The Atlanta Journal-Constitution
Gang violence has left at least 360,000 homeless
The situation could get worse, as hurricane season begins June 1.
Hundreds of thousands of people in Haiti are on the run from rampant gang violence and have abandoned their homes, a worsening humanitarian crisis that the United Nations describes as “cataclysmic.”
Masses of homeless families dodging gang members who burned down their houses and killed their neighbors have taken over dozens of schools, churches, even government buildings. Many places have no running water, flushing toilets or garbage pickup.
The lucky ones are sleeping on a friend’s sofa.
“There are kids at my camp who have no parents,” said Agenithe Jean, 39, who left her home in the Carrefour Feuilles neighborhood of Haiti’s capital, Port-au-Prince, in August for an improvised camp in an empty lot about six miles away. “We need latrines.
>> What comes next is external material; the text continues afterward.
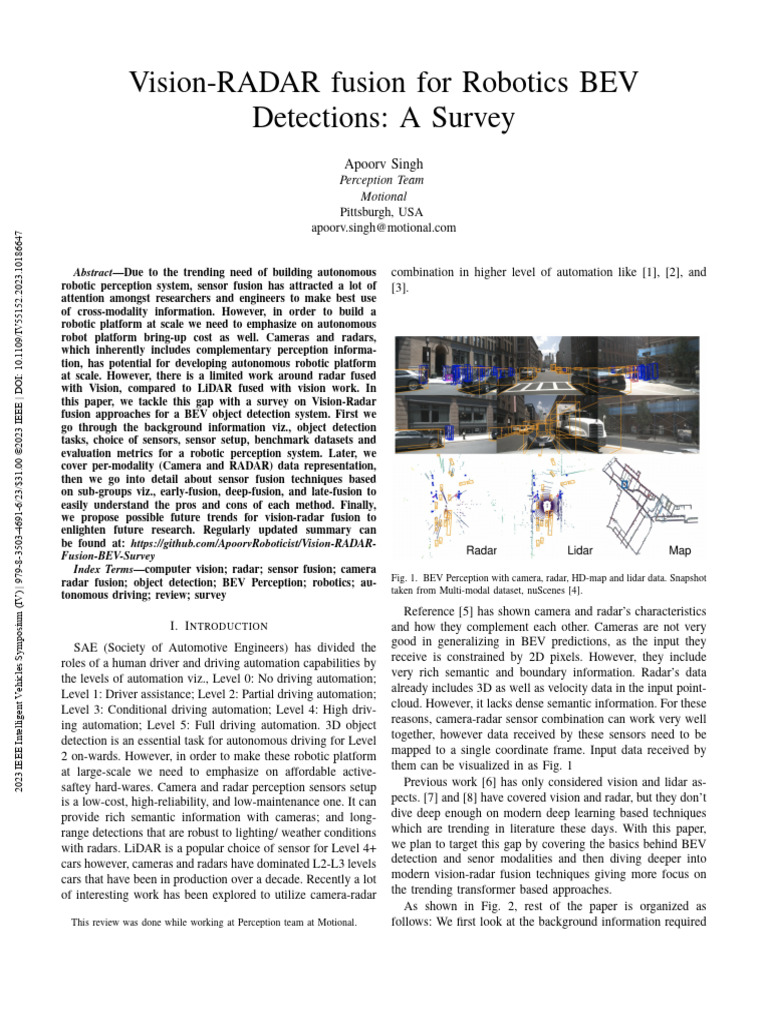 Vision-RADAR Fusion For Robotics BEV Detections A Survey | PDF | Kalman ...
We need somewhere to go.”
At least 360,000 people — more than half in the capital or surrounding neighborhoods — have fled their homes in Haiti over the past year, and that number of internally displaced people is expected in the coming months to surpass 400,000, said the U.N.’s International Office for Migration.
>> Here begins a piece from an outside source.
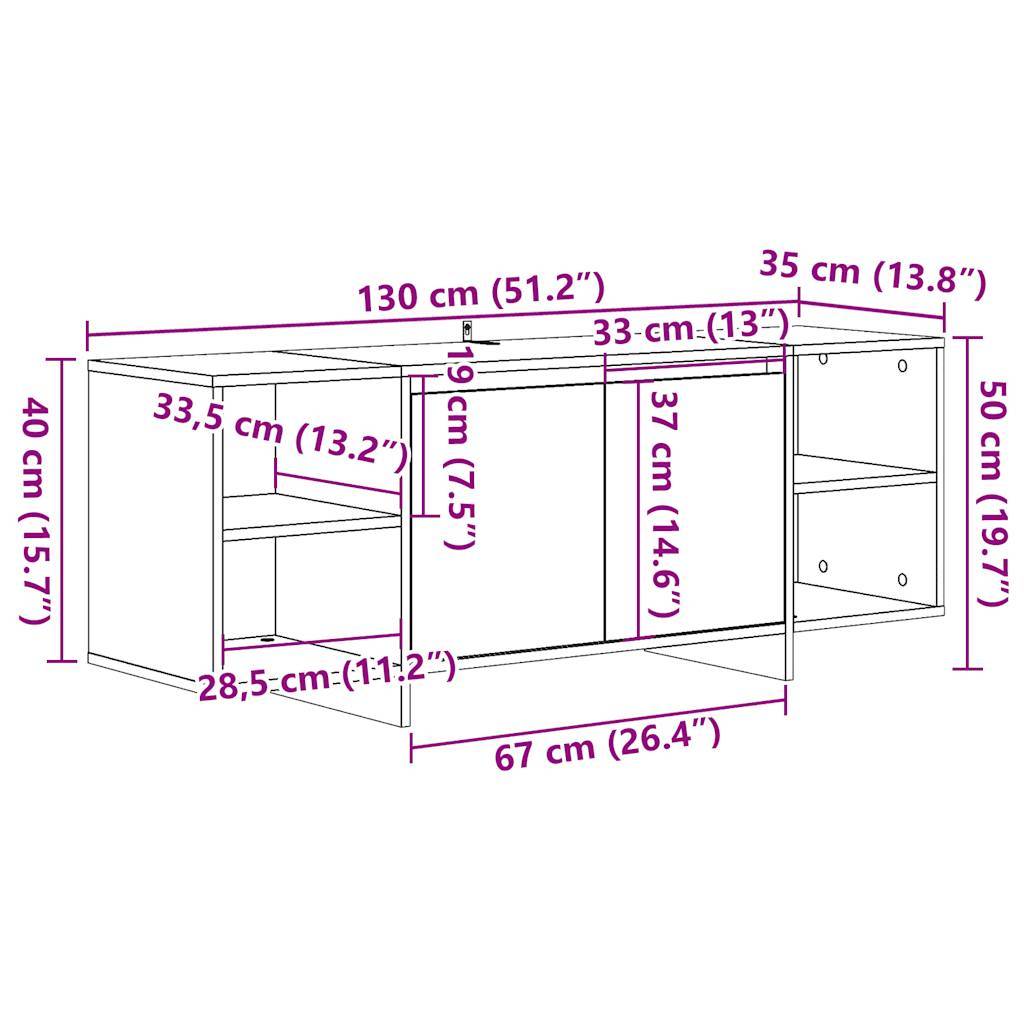 vidaXL TV-Schrank Altholz-Optik 130x35x50 cm Holzwerkstoff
Hundreds are unaccompanied children, including orphans and others separated from their parents in the chaos.
Now, as hurricane season nears, humanitarian groups and Haiti’s disaster response office are racing to figure out how to address the swelling crowds living in improvised shelters in a capital with a barely functioning national government and overrun by gangs.
About 90,000 people are living in those sites, and roughly the same number deserted Port-auPrince in March, said the United Nations and aid groups, many for other parts of Haiti, an exodus straining safer cities ill-prepared for an increased demand on water, food and schools.
A U.N. drive to raise $674 million to address the growing list of basic needs in Haiti has raised just 16% of the goal. The United States provided $69.5 million of the $107 million raised so far.
The competition for attention and resources can be eclipsed by crises around the world, including in Gaza, Ukraine and Sudan, aid groups said. The response has paled in comparison to the massive international effort following Haiti’s devastating 2010 earthquake, when countries and aid organizations sent billions in aid. The earthquake killed up to 300,000 people.
“All of us are going pretty much after the same donors,” said Abdoulaye Sawadogo, head of the U.N. office in charge of humanitarian assistance in Haiti.
The Haitian government agency whose job it is to help refugees normally focuses on natural disasters, not a disaster caused by widespread gang violence.
“You can track the cyclone. After an earthquake, you can find shelter,” said Emmanuel Pierre, the operations director for the Directorate for Civil Protection, Haiti’s emergency management agency. “Now the problem is a social hazard.”
In the three years since the assassination of the Haitian president Jovenel Moïse, Haiti’s gangs have expanded their territory and increased their violence. Gang leaders achieved a main goal — the resignation of Prime Minister Ariel Henry — and now claim
they want to end poverty as well as a corrupt system run by elites. But they also want amnesty for their crimes and to prevent an international security force led by Kenya from deploying.
In the first three months of this year, about 2,500 people were killed or injured as a result of gang violence — a 53% increase compared to the previous three months, the United Nations said.
Things took a dire turn in late February, when, in a quest to oust the prime minister, rival gangs joined forces to attack police stations, jails and the airport. Entire Port-au-Prince neighborhoods emptied out as gangs took over. People who found safe spaces repeatedly were driven out.
In some ways, Jean got lucky that August day when a gang took over her Carrefour-Feuilles neighborhood
amid a reign of gunfire. When she raced toward her rented house in search of her family, running past bodies on the ground and injured people covered in blood, she stumbled into her four children. All five got out with nothing but the clothes on their backs.
Since that August day, Jean has lived in an improvised tent camp, which she shares with a few dozen others, in the Croix Desprez neighborhood. Unable to work because conditions are too dangerous, but with her children safe with relatives in the countryside, she showers at friends’ houses and has received cash and food from humanitarian groups.
“I don’t think I can ever go back,” she said. “In Port-auPrince, nowhere is safe.”